It’s always a good idea to do a “strength test” at the beginning of any fitness program so that you know where you are starting and so you can track your progress! Test yourself at four exercises: squat, mountain climber, push-up, and plank (see videos below).
Squats, mountain climbers, and push-ups: count how many you can do within one minute. Set the stopwatch on your phone or keep track on a watch or clock for sixty seconds while counting how many squats, mountain climbers, and push-ups you can do within that time. Enter the total in the space provided in your Healthy Healing book.
For plank: measure how long you can hold your plank. Hold the pose for as long as you can (stop the timer if your form becomes compromised) and enter the time in the space provided in your copy of Healthy Healing.
Repeat this fitness test after twelve weeks of Healthy Healing workouts to see how much stronger you have become!

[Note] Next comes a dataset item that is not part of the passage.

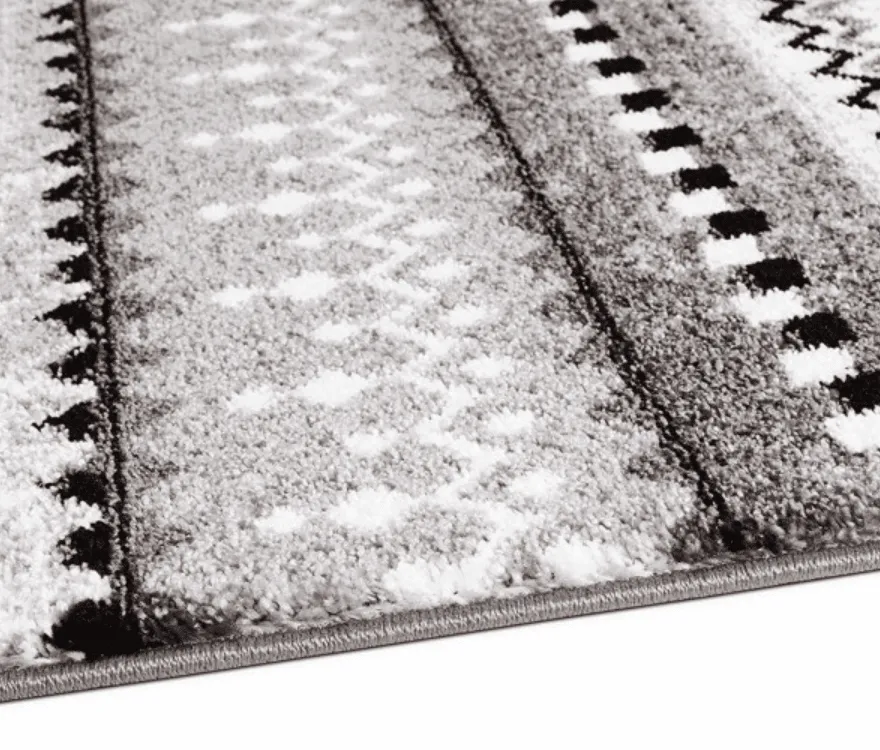 Tapete Wilton - Elduvik (cinza)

Starting Position: Kneel on an exercise mat or floor, positioning your knees and feet hip-width apart, with your feet dorsi-flexed (toes pointing towards your body). Slowly lean forward to place your hands on the floor slightly in front of your shoulders, fingers pointing forwards. Flex your left hip, bringing your left thigh to your chest, placing your left foot on the floor, heel slightly lifted and toes pointing forward. Lift your right knee off the ground, fully extending your right leg behind you, with your foot in dorsi flexion, (toes pointing towards your shins, heel up). Stiffen your abdominal muscles (“brace”) to stabilize your spine, then depress and retract your scapulae (pull your shoulders down and back).
Keeping your hands firmly on the ground, abs engaged and shoulder strong, simultaneously switch leg positions. Both feet leave the ground as your drive your right knee forward and extend your left leg back. Now your left leg is fully extending behind you and your right hip is flexed with your right foot on the floor.
Exercise Variation: If you have limited range of motion in the hips, place hands on a step, platform, or bench.
TIP: Keep your weight evenly distributed on both legs. Do not shift all your weight forward into your front foot.